His comments amount to intervention in a live political, and legal, issue, cloaked — whether or not he intends it — in the authority of his judicial office. Indeed, his comments carry the authority of someone who previously considered the matter in court and has now switched sides. It’s as if Harry Blackmun, the author of Roe v. Wade, came out against abortion rights while still a justice.
It doesn’t help matters that Posner’s confession of error contained a gratuitious slap at the losing lawyers or that it hinged on a vague notion of how the Indiana law, and others like it, are now “regarded.” As it happens, opinion polls consistently show that voter ID laws are popular among voters of both parties.
When I presented this data to Posner, he replied by e-mail, “That’s not my impression. I believe that all but one of the photo ID identification laws were passed by state legislatures that are Republican controlled.”

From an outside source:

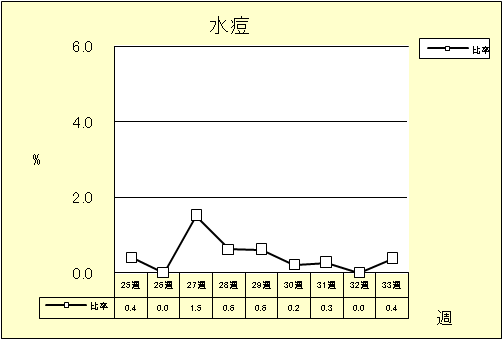 水痘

He and I could debate this forever. But that’s just the point — judges shouldn’t engage in the hurly-burly of political argument. It fosters the impression, corrosive to the rule of law, that there is no difference between a judicial process and a legislative one.

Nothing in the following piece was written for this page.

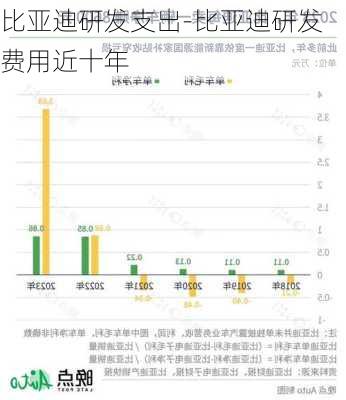 比亞迪研發(fā)支出-比亞迪研發(fā)費(fèi)用近十年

Posner isn’t overly troubled by such considerations. “I would like to see more realism about judges,” he said. Their rulings are not Olympian pronouncements but the products of factors ranging from black-letter law to personal opinion. He said he sees no reason for judges to be “bashful” about admitting mistakes.
This is a standard theme for Posner. Of course, it poses a contradiction: If it is realistic to be skeptical about judges’ capacity for deciding cases objectively, why should we trust their subsequent claims of error?
Posnerian realism is not quite the insight that he seems to think it is. As a wise philosopher said centuries ago, “Out of the crooked timber of humanity, no straight thing was ever made.” And that includes the rule of law.
I suppose Posner’s constant commentary makes his court more transparent, in the sense that it gives lawyers and potential litigants more information about his thinking. It’s just not the sort of transparency traditionally associated with a legitimate judicial process.
Would federal courts enjoy a better reputation if every judge spouted his views as freely as Posner does? A worse reputation? Before you answer, consider this less-publicized selection from his recent comments: “I don’t really share the widespread concern with surveillance by the NSA,” he told the Huffington Post. “If they want to read my emails, they’re welcome.”
The best judges maximize their impartiality, actual and perceived, even at the cost of self-restraint in their public statements. They do so because the public is entitled to a judicial process that earnestly aspires to fairness and objectivity, however elusive those goals might be. They understand that there is a fine line between realism and cynicism.
They understand that the American people give them $185,000 a year, plus life tenure, power and prestige, to be public servants — not public intellectuals.